Financial firms should screen for negative news about their prospective clients as part of a comprehensive due diligence review
The process of screening for negative news stories about customers to assess the financial crime risk they pose should be effective and efficient, risk-based, and tailored to legal and regulatory requirements in the jurisdiction in which an institution operates, a bank-industry anti-money laundering (AML) group in its latest guidance report.
The paper from the Wolfsberg Group of 13 major international banks comes as many financial institutions are struggling with how to address customers in Russia who have not yet been sanctioned but might be targeted by the US government and its allies due to their ties to Russian government.
In its paper, presented as a series of Frequently Asked Questions (FAQs), the Wolfsberg Group states: “While there remain some limitations and challenges pertaining to broad media searches, negative news screening can be a valuable mechanism which enables financial institutions to have a better understanding of who they are doing business with and the risks to which a financial institution is exposed.” The Wolfsberg Group works to develop frameworks and guidance for financial institutions to manage financial crime risk.
Negative news or “adverse media” is a cornerstone of customer due diligence. It may seem straightforward in concept, but when AML professionals try to put it into practice, “it can bury you with mountains of irrelevant hits that need to be investigated,” said one expert familiar with the Wolfberg paper, adding that this makes proper design of the process vital.

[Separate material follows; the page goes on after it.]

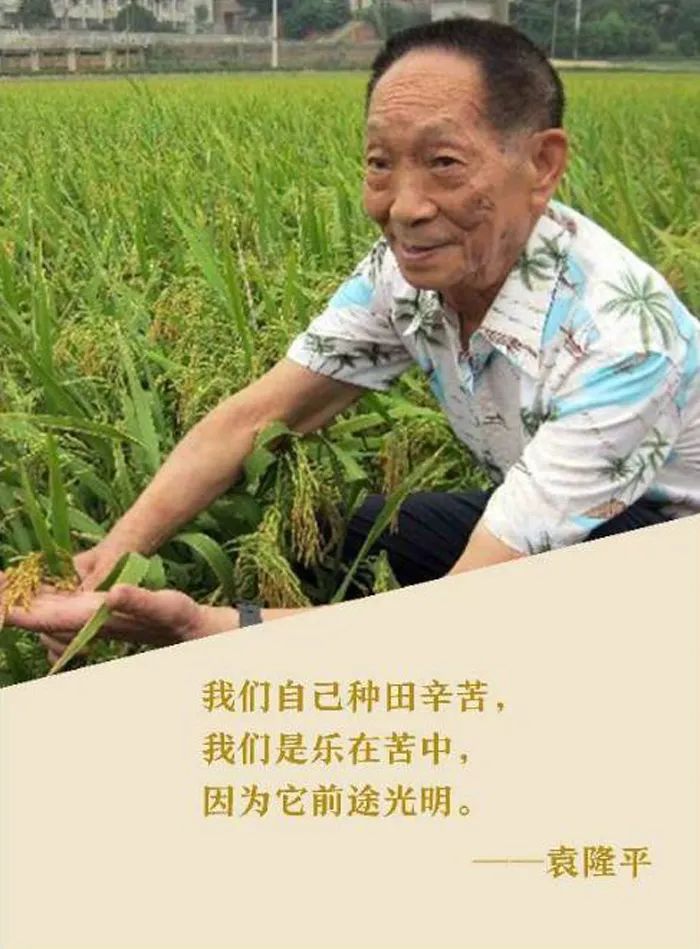 追忆袁隆平与永州市雅大科技实业有限公司的故事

The paper was not specifically designed to tie in with an effort by the US Treasury Department and the global AML-standard-setting Financial Action Task Force (FATF) to increase the effectiveness of AML programs, the source explained. However, negative news screening can be an important component. “If done incorrectly, it can be a massively inefficient process,” the source said.

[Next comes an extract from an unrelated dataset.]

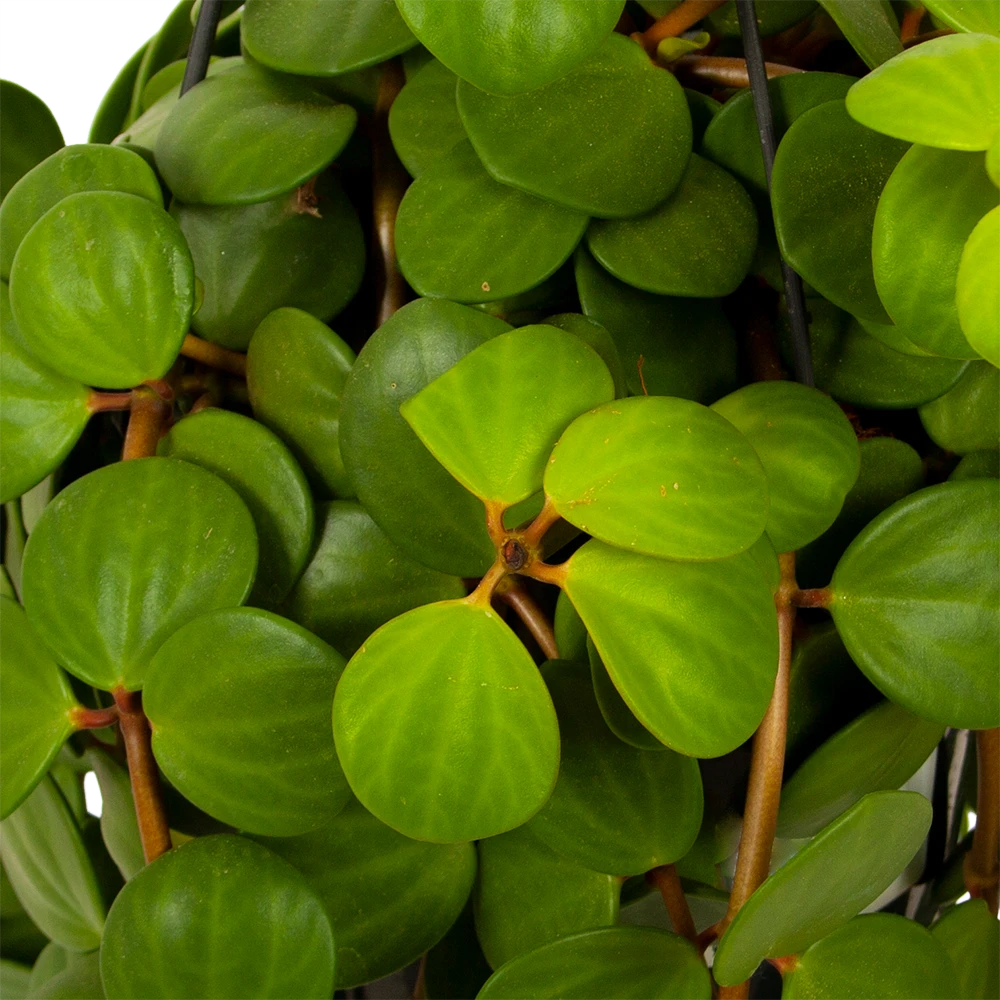 Peperomia Tetraphylla - In Hangpot - P15 H25 - Kamerplant - Afbeelding 2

The Wolfsberg paper says, “there is no single, universally agreed approach to negative news screening, therefore the Wolfsberg Group has developed this guidance to assist financial institutions in establishing their negative news screening framework in support of financial crime risk management.”
Negative news screening allows financial institutions to apply a range of public information, data, and analysis to help determine the risk profile of a customer. This can help the institution understand the financial crime and reputational risks posed by a business relationship so that those customers and the relationships can be managed.
The value of conducting negative news screening “is correlated to the availability of information and the credibility of the media source in the public domain,” the paper states, noting that some customer types such as high-net-worth individuals, politically exposed persons, big corporations, and financial institutions are more likely to have a high public profile, and therefore, would be expected to be subjected to a higher degree of media scrutiny. “In these situations, the performance of broad-based… negative news screening may be appropriate on a risk-sensitive basis,” the paper states.
Conversely, an ordinary retail customer will likely have a lower public profile and therefore much less media scrutiny, the paper adds. “In this instance, more targeted searches of structured news and media sources might be more appropriate to ensure an effective use of resources. It may also be appropriate not to conduct negative news screening; a financial institution would not be expected to devote resources to negative news screening where the added value is negligible or disproportionate to its financial crime risks.”
Financial institutions should consider assessing the sources monitored in negative news screening, in part to avoid “fake news” or “disinformation,” the paper notes, adding that when an institution uses an external party or vendor to supply a pipeline of media sources or content, “it is recommended that the financial institution understands the evaluation of reliability performed by the vendor and the controls they have in place to mitigate the risk of unreliable sources influencing the screening process.”
The paper goes on to say that “international news agencies and national newspapers which report on a broad spectrum of global and national events usually provide accurate and higher quality reporting” and that the “credibility of the content is in general higher when subject to editorial oversight.”
Ensuring screening solution is suitable
Financial institutions might want to consider a number of factors when evaluating a negative-news screening solution to ensure that it is suitable, or “fit-for-purpose”, the paper states. These include:
- Coverage — robustness of the database content and scope of monitored media sources (Financial institutions should have sufficient media coverage in the markets in which they operate or where their customer base is located.)
- Data — completeness, integrity, and timeliness of negative news information (Consideration should be given to negative news screening accuracy and completeness, and levels of alert duplication if the same adverse data is found in multiple data sources.)
- Matching — effectiveness of name matching, and false positive/alerts hit rate
- Archive — accessibility of media articles which are archived or no longer available in open sources
- Translation — capability to provide news or events translated into the language of financial institutions’ operations
- Scalability — ability to define search parameters, search depth, and result filtering
- Reporting — availability of relevant dashboards and performance metrics
- Traceability — the recording and capability to review all internal screening events, configurations, and other logic applied to generate a match
- Data sharing — consideration of local data-sharing requirements when utilizing external or shared solutions, especially where external tools and teams are used to perform screening or adjudication on financial institutions’ behalf
The implementation of negative news screening is part of the overall set of financial crime compliance controls, and the risk appetite of the financial institution is at the center of the approach taken, the paper states.
“Given the potential scale of negative news screening, periodic effectiveness and efficiency testing will be essential to refining the approach taken by financial institutions to ensure negative news screening is optimized and adds value.”